New players are changing the landscape.
A lot has changed since Volkswagen introduced its ambitious plan to revamp its lineup with hybrid and fully electric vehicles. The company hopes to add 75 pure electric models by 2029, many of them riding on the Group’s MEB platform. But there are new players and potential competitors that have altered the landscape. In an interview with Autoblog, Thomas Ulbrich, VW’s board member for electric mobility, lays out what’s next for VW’s EV efforts.
Ulbrich calls out Rivian by name in the interview, saying the company’s efforts to build an all-electric pickup has piqued VW’s interests. “Step by step our investigation and research makes us think it becomes more possible,” he told the publication. The most obvious possibility for an electric VW pickup is the Amarok, which Ulbrich mentions.
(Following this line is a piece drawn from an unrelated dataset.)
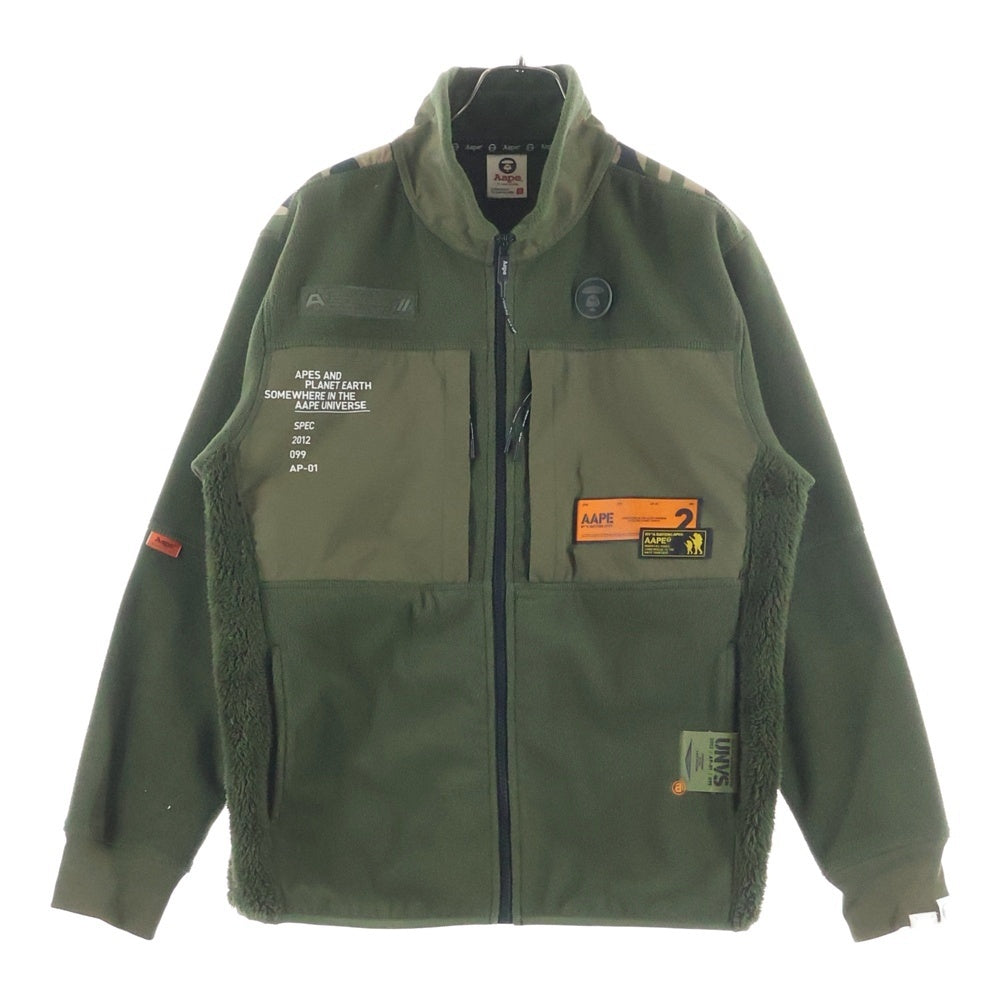 A BATHING APE(アベイシングエイプ) AAPE LOGO FLEECE JACKET ラバーロゴ カモ柄切り替え フリースジャケット カーキ AAPSWM3740XXF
The Amarok’s future, though, is in the hands of Ford.
Gallery: Volkswagen Amarok Rendering
The two inked out a partnership deal first announced in 2019, and part of that included Ford supplying VW with a truck that’d be the second-generation Amarok. There are no rumors of an all-electric next-gen Ranger; however, a plug-in hybrid is possible, which jives with the Group’s plan of offering 60 hybrids alongside its EVs if the two share powertrains for the vehicle.
Other plans for the platform include cars that’ll slot below the ID.3, currently the smallest MEB-based car. Ulbrich told Autoblog the company has plans to introduce the first of those small cars in 2023 or 2024. This appears to corroborate a rumor from last month that the company will launch a sub-ID.3 model called the ID.1 in 2025 with the concept arriving in 2023.
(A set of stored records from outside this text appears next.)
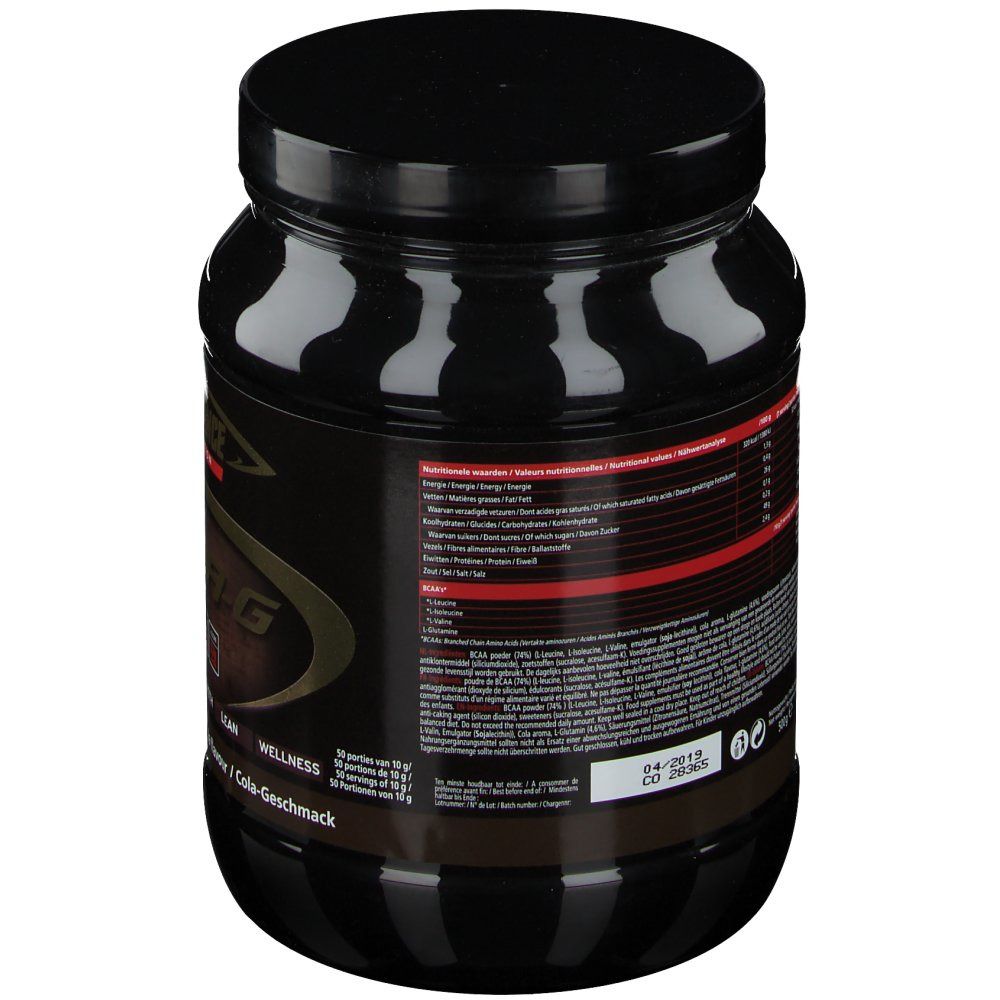 Pot noir, dos. Étiquette avec informations nutritionnelles et texte. Goût cola.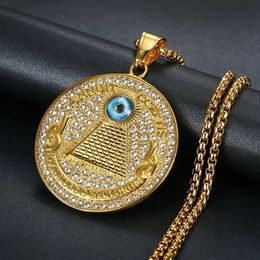 Hip Hop Round Coin Evil Eyes Pendants Necklaces14K Gold Eye of Providence Necklace for Women/Men Jewellery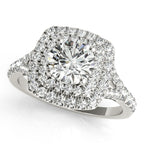Double Halo Split Shank Diamond Engagement Ring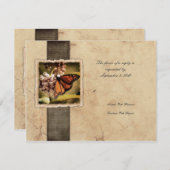 Monarch Butterfly Vintage Wedding UAWG RSVP Karte (Vorne/Hinten)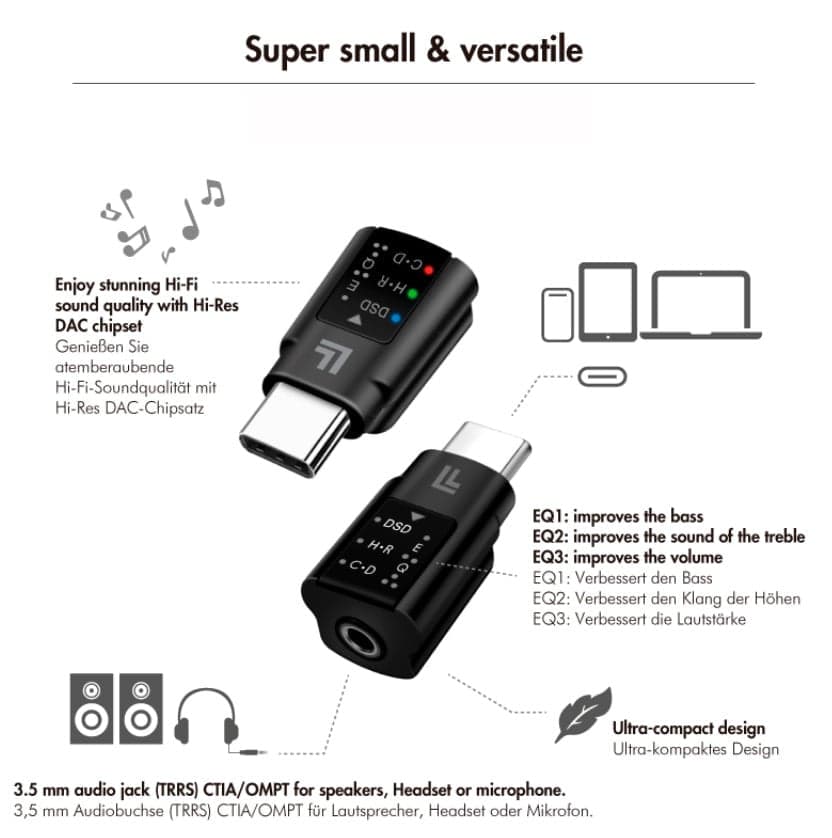 Adattatore Convertitore Audio DAC con Equalizzatore da USB-C&trade a 3,5 mm Nero in Convertitori D-A Scontolo.net - Potenza, commercioVirtuoso.it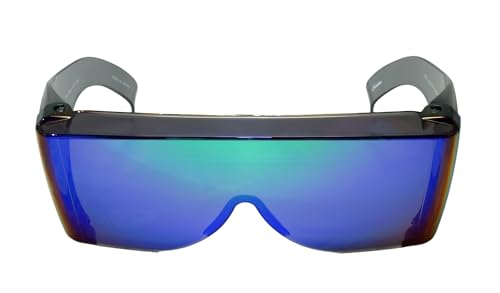 Calabria 3000 Fitover Safety Glasses with Uni-Lens – [Blue/Green/Silver Mirror - 3 Pack] Wrap Around Eye Protection | Anti-Fog Scratch Resistant | Protective Eyewear - color: Blue/Green/Silver Mirror 3-pack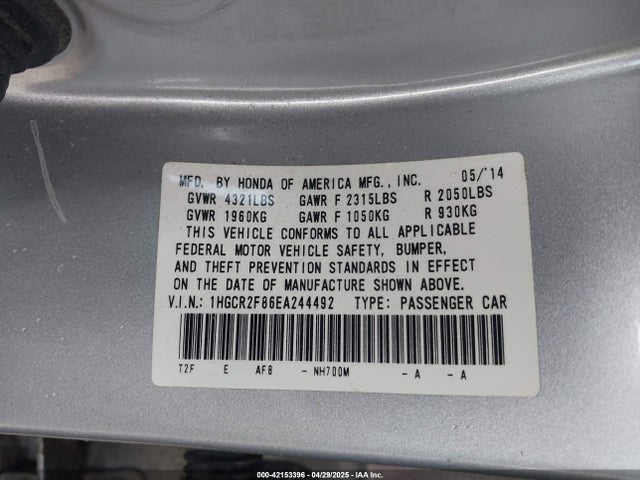 1HGCR2F86EA244492 Honda Accord Ex-l
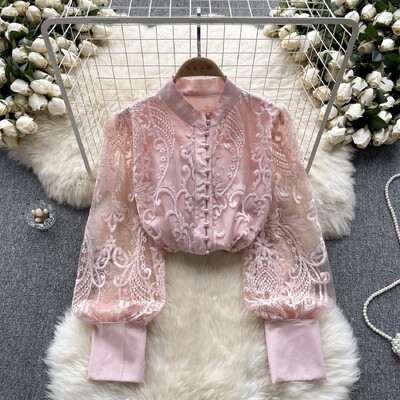 Francia elegáns női blúz, álló, hímzett géz, felfújt ujjú irodai hölgy Blusas Mujer, üreges, tömör Camisas tavaszi csepphajó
It’ll allegedly spawn several variants and replace the VW e-Up!. It’s expected to resemble the ID.3 and sit on the same MEB platform, though Ulbrich told Autoblog that it’d be “an adapted version” of the architecture. The platform gives VW vast flexibility, catering to large D-segment vehicles like the ID Vizzion and the upcoming stretched sedan heading to the Chinese market. But flexibility isn’t a blank check for designers and engineers.